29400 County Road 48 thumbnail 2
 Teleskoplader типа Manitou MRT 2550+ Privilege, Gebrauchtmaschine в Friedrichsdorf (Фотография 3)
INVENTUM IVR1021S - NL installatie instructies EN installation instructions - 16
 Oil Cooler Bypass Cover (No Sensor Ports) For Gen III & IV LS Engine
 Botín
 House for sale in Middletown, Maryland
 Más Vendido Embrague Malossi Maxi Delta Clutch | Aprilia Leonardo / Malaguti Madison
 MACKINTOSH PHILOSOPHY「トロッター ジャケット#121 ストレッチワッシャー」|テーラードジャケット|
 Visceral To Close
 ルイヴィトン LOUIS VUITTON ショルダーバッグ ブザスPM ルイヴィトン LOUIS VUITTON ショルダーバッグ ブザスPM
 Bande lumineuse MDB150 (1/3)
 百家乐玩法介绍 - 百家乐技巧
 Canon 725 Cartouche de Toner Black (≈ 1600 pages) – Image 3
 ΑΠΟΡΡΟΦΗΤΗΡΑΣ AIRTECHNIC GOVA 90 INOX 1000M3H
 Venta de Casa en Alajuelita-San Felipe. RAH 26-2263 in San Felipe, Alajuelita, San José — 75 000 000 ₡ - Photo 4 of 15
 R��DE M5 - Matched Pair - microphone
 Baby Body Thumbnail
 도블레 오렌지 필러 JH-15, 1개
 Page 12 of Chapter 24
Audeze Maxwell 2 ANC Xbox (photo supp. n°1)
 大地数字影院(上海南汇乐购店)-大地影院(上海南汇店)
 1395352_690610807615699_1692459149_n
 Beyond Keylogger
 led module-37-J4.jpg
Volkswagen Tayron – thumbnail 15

----

WHAT TO DO: Working from the material above, restate word for word the lines between the line with "Bande lumineuse MDB150 (1/3)" and the line with "Venta de Casa", both included, and only those.

THE COMPLETED TASK:
 Bande lumineuse MDB150 (1/3)
 百家乐玩法介绍 - 百家乐技巧
 Canon 725 Cartouche de Toner Black (≈ 1600 pages) – Image 3
 ΑΠΟΡΡΟΦΗΤΗΡΑΣ AIRTECHNIC GOVA 90 INOX 1000M3H
 Venta de Casa en Alajuelita-San Felipe. RAH 26-2263 in San Felipe, Alajuelita, San José — 75 000 000 ₡ - Photo 4 of 15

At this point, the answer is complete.